THE DATA Block Start
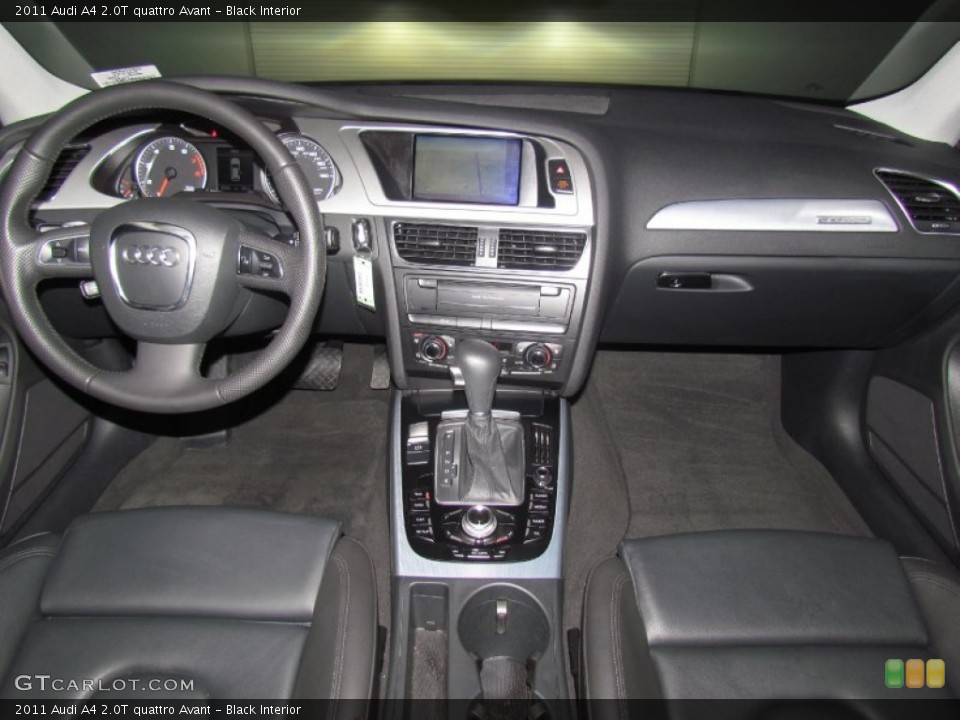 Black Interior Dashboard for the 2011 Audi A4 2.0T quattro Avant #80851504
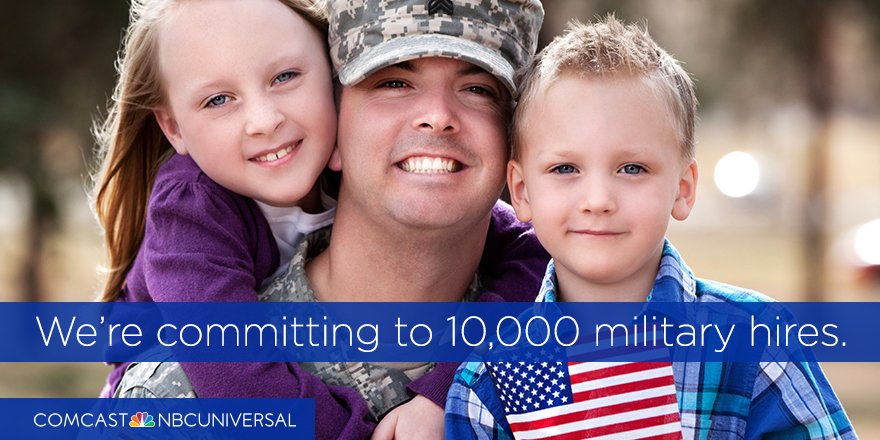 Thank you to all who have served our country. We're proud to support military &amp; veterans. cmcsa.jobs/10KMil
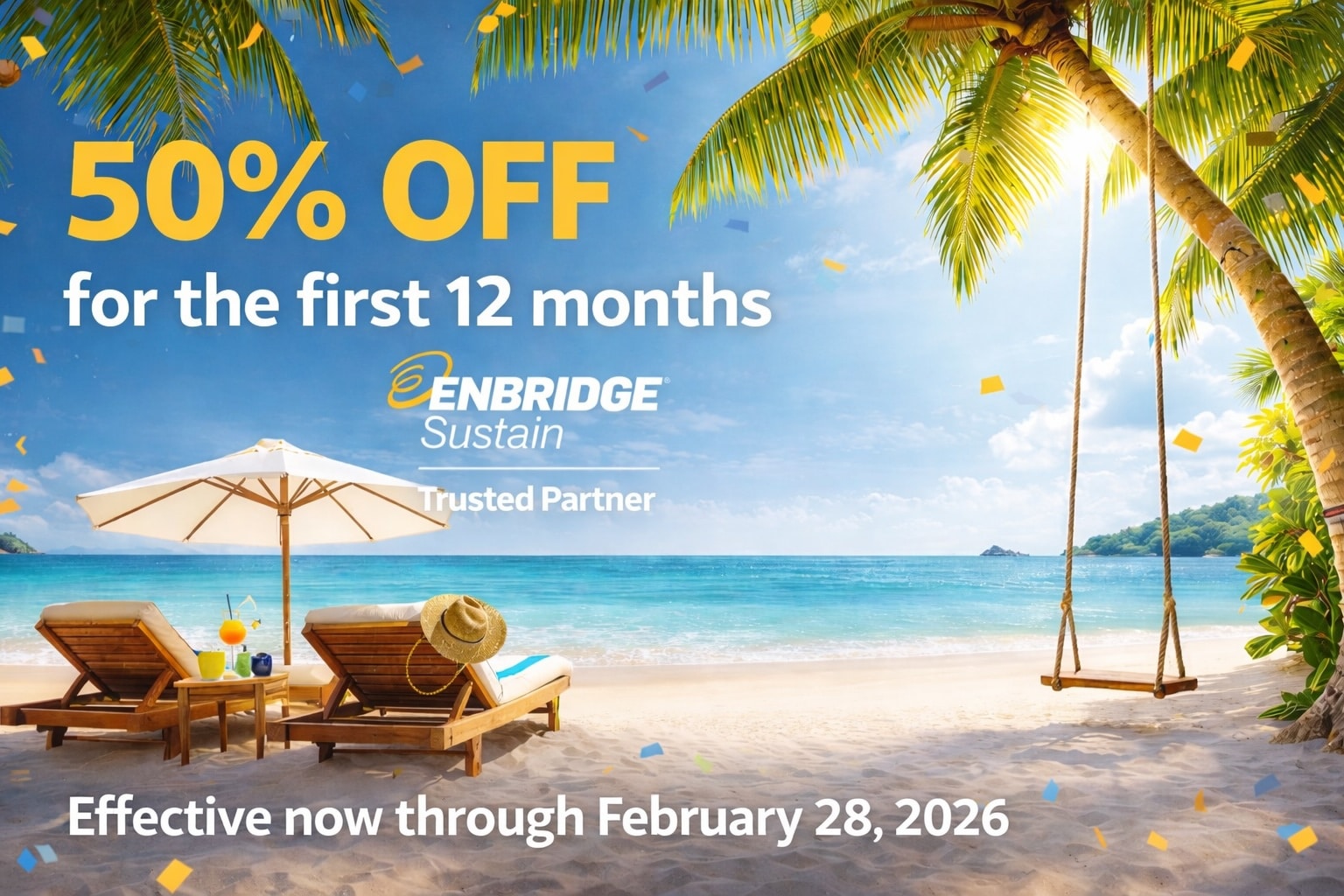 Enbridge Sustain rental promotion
THE DATA Block End
— EXERCISE BRIEF —
Copy out the data verbatim, with no pictures.

— WRITTEN RESPONSE —
 Black Interior Dashboard for the 2011 Audi A4 2.0T quattro Avant #80851504
 Thank you to all who have served our country. We're proud to support military &amp; veterans. cmcsa.jobs/10KMil
 Enbridge Sustain rental promotion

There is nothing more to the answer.